Boudé à ses débuts, le rosé représente désormais plus de 10% de la production champenoise. Sur les marchés étrangers, les ventes ont plus que doublé en moins de dix ans.

 

Plus personne aujourd’hui n’ose, à son propos, parler d’épiphénomène et l’on s’abstient, dorénavant, de qualifier le rosé de « champagne pour dames ». L’ironie n’est plus de mise depuis que ses bulles ont infligé un cinglant démenti aux vers célèbres de Malherbe (1555-1628) : « Et, rose, elle a vécu ce que vivent les roses, L’espace d’un matin. » Car cela fait un bail que le rosé champenois n’est plus un effet de mode mais, bel et bien, un champagne à part entière solidement inséré dans la hiérarchie sacramentelle des cuvées de l’ancien « vin des sacres ».

Plus de 35 millions de bouteilles

C’est que les chiffres parlent d’eux-mêmes et balaient du même coup les ultimes préjugés à l’égard d’un produit longtemps considéré comme marginal. La part de marché du rosé dépasse les 10% (12% dans les pays tiers) et devance à l’export le volume cumulé des cuvées de prestige et des bruts millésimés (environ 7% des expéditions). Au rythme soutenu de 3 à 4% chaque année, la progression des bulles chatoyantes bat tous les records sur les marchés mondiaux.

On peut, actuellement, estimer à plus de 35 millions de bouteilles la part du rosé dans la production champenoise.
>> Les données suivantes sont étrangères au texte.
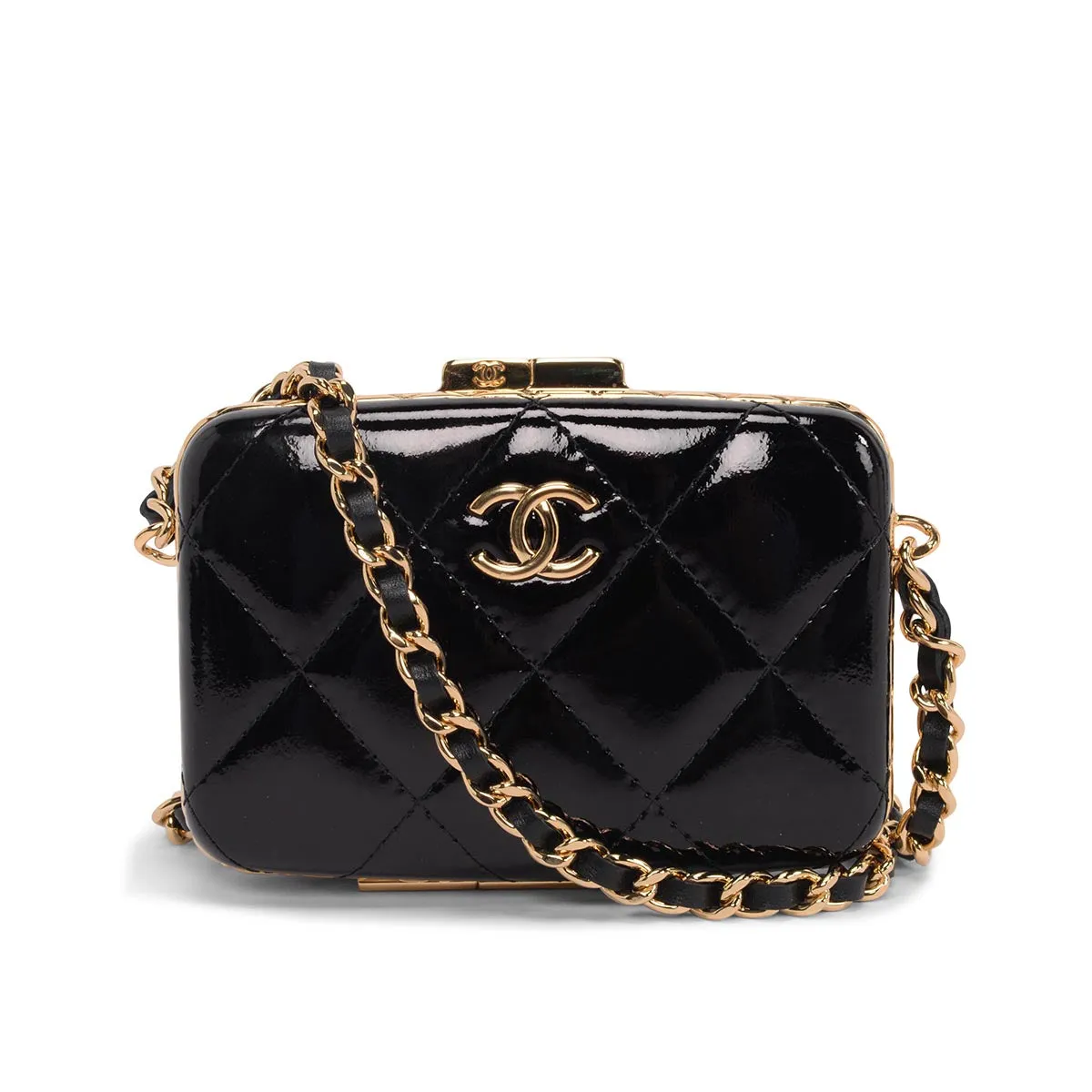 Chanel Black Glazed Goatskin Mini Box with Chain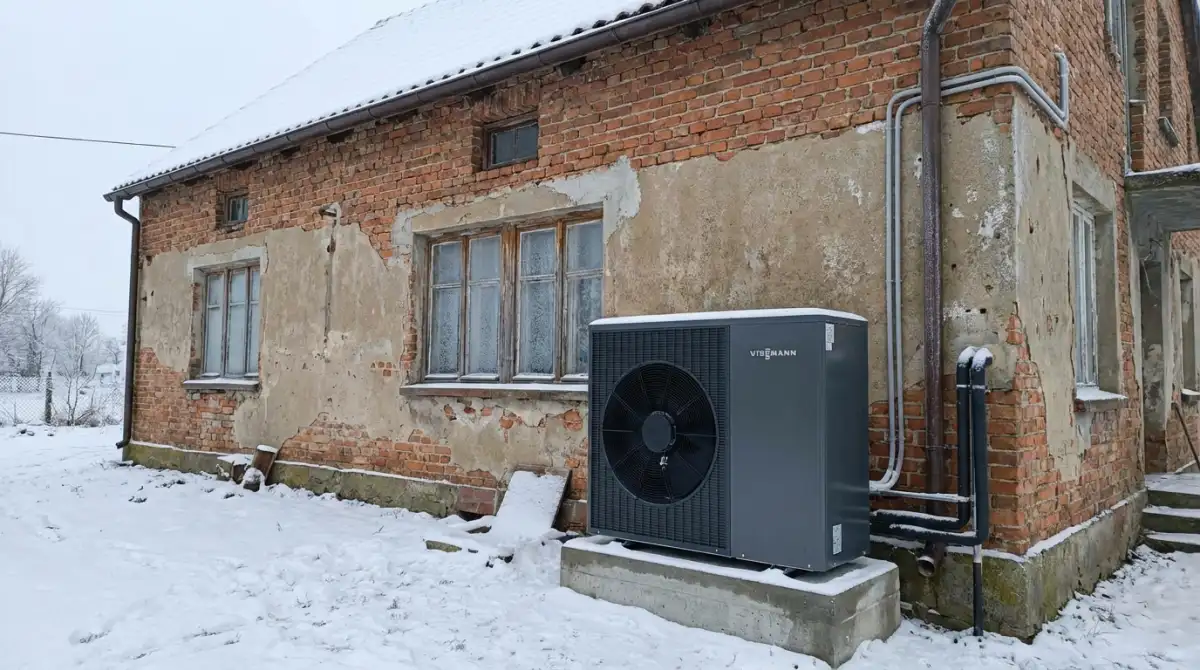 Pompa ciepła powietrzna przy starym domu 150m2 bez ocieplenia zimą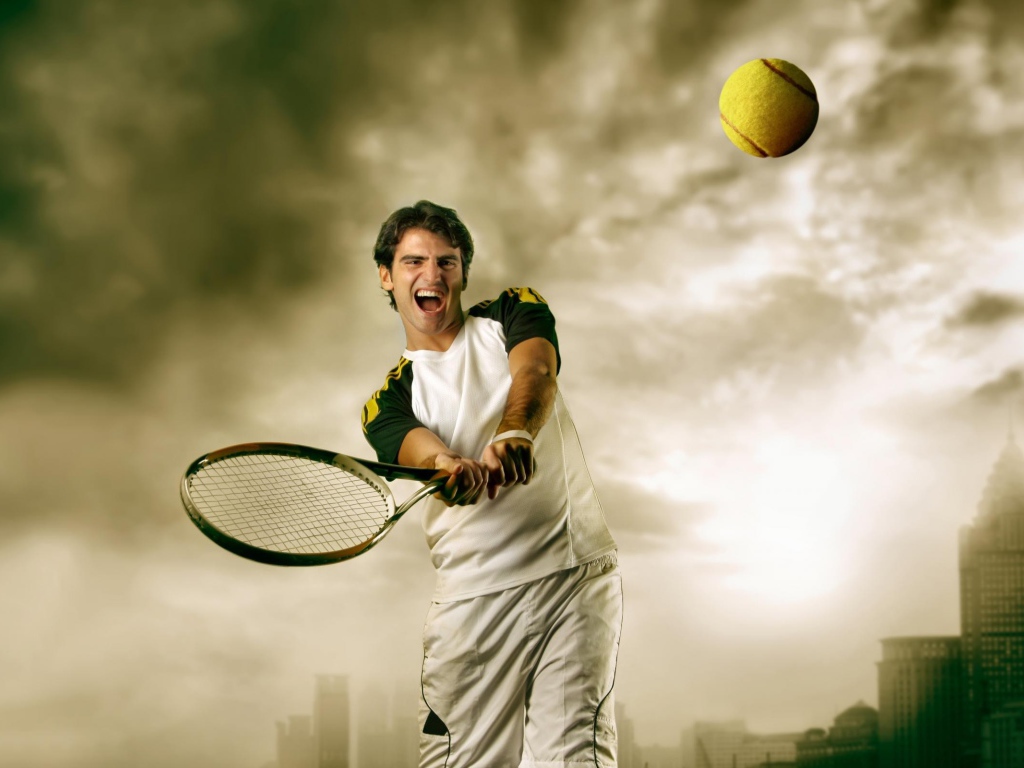 Теннисист отбивает мяч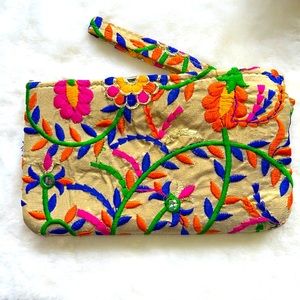 Colorful embroidered clutch
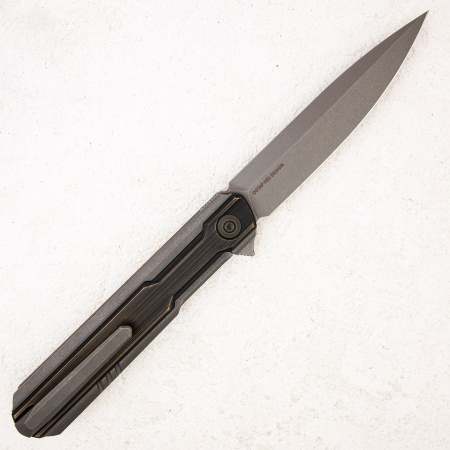 Нож WE Knife Peer, 20CV, 6AL4V Titanium/Brass Gray-Black Нож WE Knife Peer, 20CV, 6AL4V Titanium/Brass Gray-Black - купить в интернет-магазине Blademan
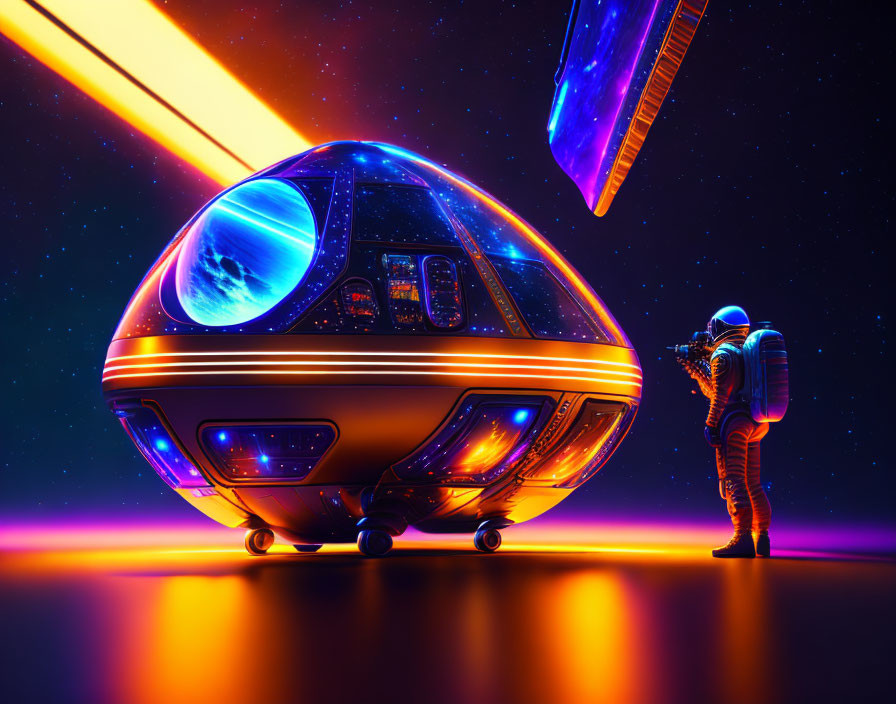 Astronaut next to futuristic spaceship on neon-lit alien surface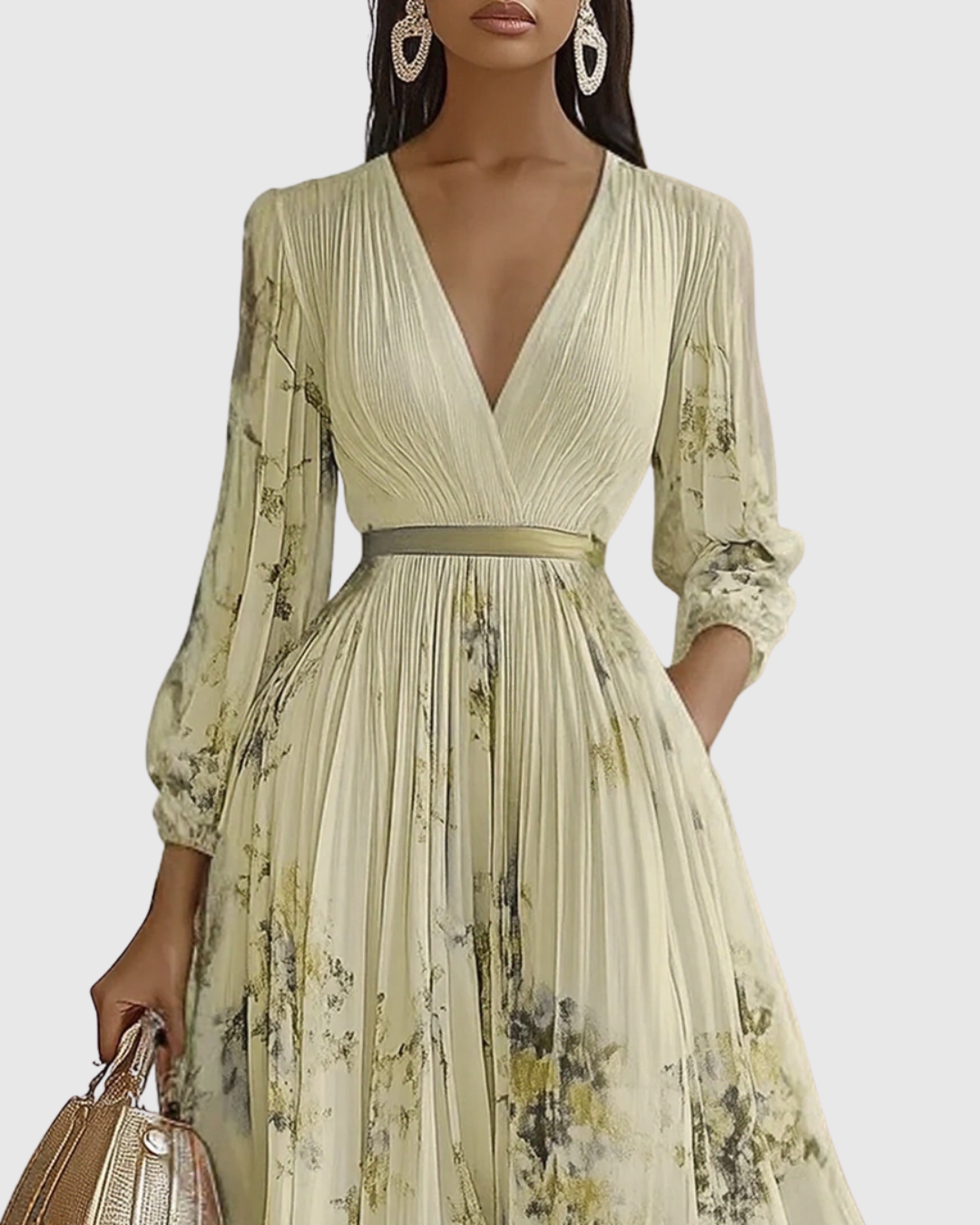 V-Neck Sleeveless Belted Floral Pleated Maxi Dress 11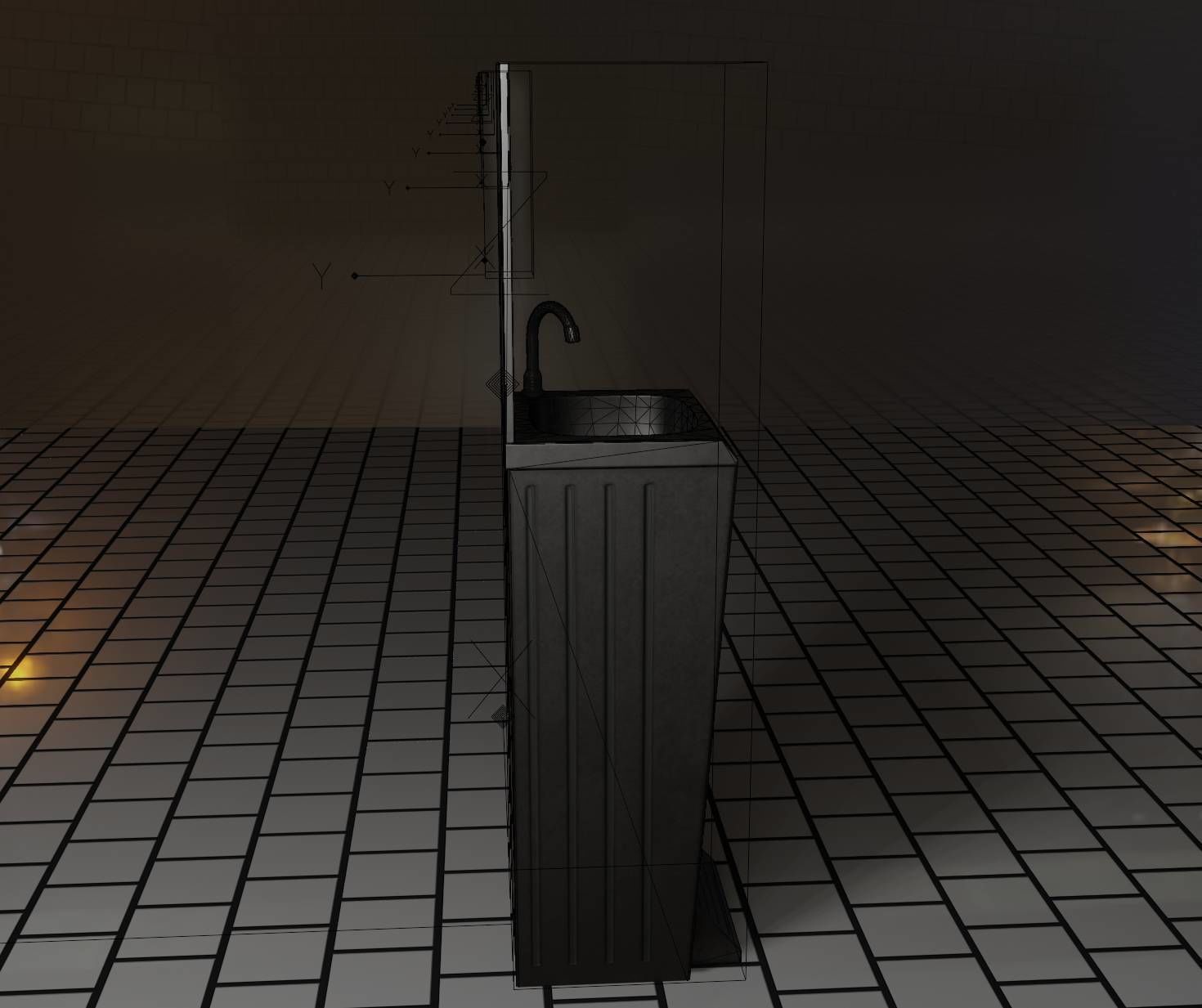 Public Metal Sink - 25 - with Mirror and Trashcan Low-poly 3D model_65
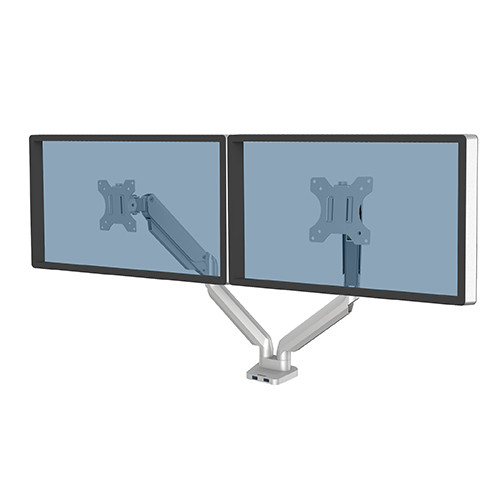 Monitortartó kar Fellowes Platinum Series™ Dual, két monitorhoz, ezüst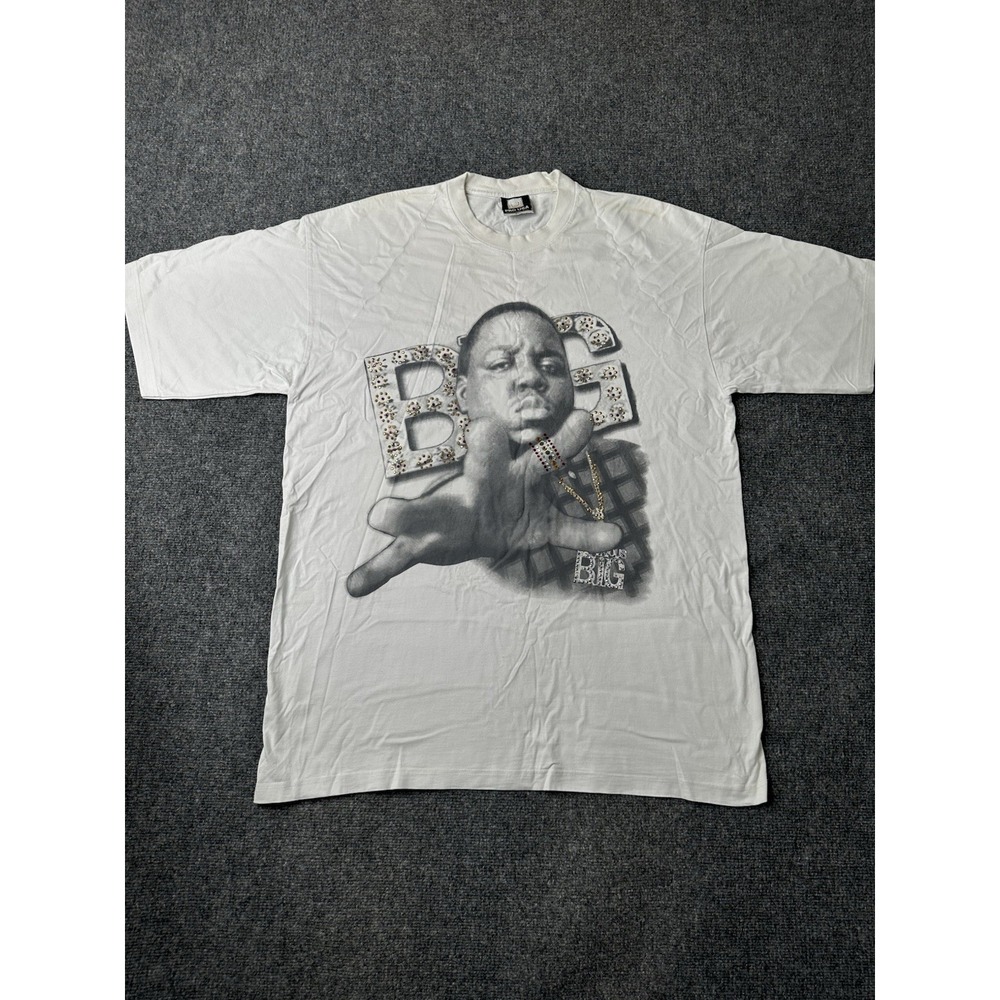 Mens Y2K The Notorious B.I.G. Biggie Smalls Rap Tee White, Size 2XL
À l’étranger, où les ventes de ce type de bulles ont plus que doublé en moins de dix ans, ce sont les pays hors Union européenne qui en consomment le plus avec 57% des rosés commercialisés. Quand on songe qu’en 1981, le volume de champagne rosé exporté dépassait péniblement 800.000 flacons ! Après la France, convertie depuis longtemps, c’est aux États-Unis que l’appétence pour le rosé est la plus spectaculaire. Avec 3 millions de bouteilles en un an (plus de 16% de leurs achats de champagne), ils constituent avec le Royaume-Uni, le Japon et l’Allemagne, le noyau dur des fans de bulles colorisées.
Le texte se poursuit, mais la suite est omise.